Gov. Eric Holcomb’s recent decision to terminate a $260 million deal to lease state-owned cell towers and other communications infrastructure came with a consequence: losing out on $25 million in revenue state officials hoped would pay for the new state archives building.

After years of inaction, the state’s archives project was authorized in 2015 when the Indiana General Assembly voted to approve spending $25 million for the project. However, it was to be funded from the cell-tower leases.

Last July, proponents of the project bemoaned that there would likely be no groundbreaking during the 2016 bicentennial year, even though it was supposed to be one of the celebration's signature projects. Now, they’ll likely have to wait much longer.

On Thursday a Democratic attempt to appropriate $27.5 million to pay for a the building failed at the Indiana General Assembly, where the next two-year state budget is currently being hashed out. Rep. Matt Pierce, D-Bloomington, who authored the failed amendment, said the situation is getting dire.

The archives, currently housed in a warehouse on East 30th Street, contain 300 million pages of paper documents, 400 million microfilm images, and 1 million gigabytes of electronic records, including all the laws introduced in the Legislature since 1805, all the papers of each governor, the Indiana Constitution, judicial opinions, land records back to 1786, military record for Indiana soldiers, and birth, death and marriage records for Indiana residents.

“If we wait around another 20 years, our documents aren’t going to make it,” Pierce said. “I just want us to have a will for this project so that we will find a way."

House Speaker Brian Bosma said it was unlikely the funding would come through in this budget, saying the timing of the cell-tower deal’s termination “made it very difficult” to incorporate funding in current budget discussions.

“It would be great to have a separate state archives building that secures our critical documents,” Bosma said. “It will probably have to wait for another budget session.”

Holcomb spokeswoman Stephanie Wilson told IBJ the governor believes projects that were supposed to be funded with the money from the deal are "good, worthwhile projects, and finding ways to fund them is a consideration for the future.”

"He has not expressed any expectation that the funding for these projects come out of this year’s legislative session,” Wilson said.

Stephen Towne, president of Friends of the Indiana State Archives, described the “continuing saga” in a recent blog post.

"Some are convinced that a new State Archives buildings is long overdue,” Towne wrote. "Others fret over costs.
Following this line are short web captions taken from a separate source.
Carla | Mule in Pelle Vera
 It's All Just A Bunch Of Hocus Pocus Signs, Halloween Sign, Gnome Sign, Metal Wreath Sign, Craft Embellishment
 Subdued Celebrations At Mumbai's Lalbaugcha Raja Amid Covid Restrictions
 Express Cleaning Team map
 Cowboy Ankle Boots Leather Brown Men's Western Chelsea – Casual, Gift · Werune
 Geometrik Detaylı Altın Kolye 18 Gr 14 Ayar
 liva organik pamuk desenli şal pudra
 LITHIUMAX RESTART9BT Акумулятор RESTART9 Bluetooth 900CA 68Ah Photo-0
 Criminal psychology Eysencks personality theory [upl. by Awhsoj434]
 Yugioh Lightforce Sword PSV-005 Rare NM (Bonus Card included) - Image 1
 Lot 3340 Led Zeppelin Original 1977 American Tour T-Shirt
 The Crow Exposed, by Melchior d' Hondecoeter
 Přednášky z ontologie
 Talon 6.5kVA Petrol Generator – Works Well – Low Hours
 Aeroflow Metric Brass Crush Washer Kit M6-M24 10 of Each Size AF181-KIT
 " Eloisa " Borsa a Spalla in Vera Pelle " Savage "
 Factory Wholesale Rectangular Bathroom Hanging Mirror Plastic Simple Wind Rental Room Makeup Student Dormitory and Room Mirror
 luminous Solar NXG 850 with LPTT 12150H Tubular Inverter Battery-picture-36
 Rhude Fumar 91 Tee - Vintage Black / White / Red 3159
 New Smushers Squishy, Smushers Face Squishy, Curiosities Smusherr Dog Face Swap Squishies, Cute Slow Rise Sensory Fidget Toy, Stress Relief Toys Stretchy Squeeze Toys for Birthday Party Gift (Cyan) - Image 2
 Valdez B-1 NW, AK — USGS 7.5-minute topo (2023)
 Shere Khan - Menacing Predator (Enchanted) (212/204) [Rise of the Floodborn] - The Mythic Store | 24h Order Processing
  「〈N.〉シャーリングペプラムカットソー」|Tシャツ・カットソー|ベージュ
Meanwhile, historians, archivists, genealogists, jurists, and other citizens are writing their legislators and governor to voice their frustration, tired of hearing that nothing is done to place the archives in a secure, safe, appropriate, and accessible facility that will serve citizens for years to come."

Advocates say the warehouse in which the archives currently are stored is unsuitable because it is not properly temperature controlled.

"Wild temperature and humidity fluctuations have damaged paper and microfilm,” Towne wrote. "Roof leaks, some of them caused by flying bullets, continue to soak records."

Last year IBJ reported that Indiana University was in negotiations with the state to build the archives on the IUPUI campus.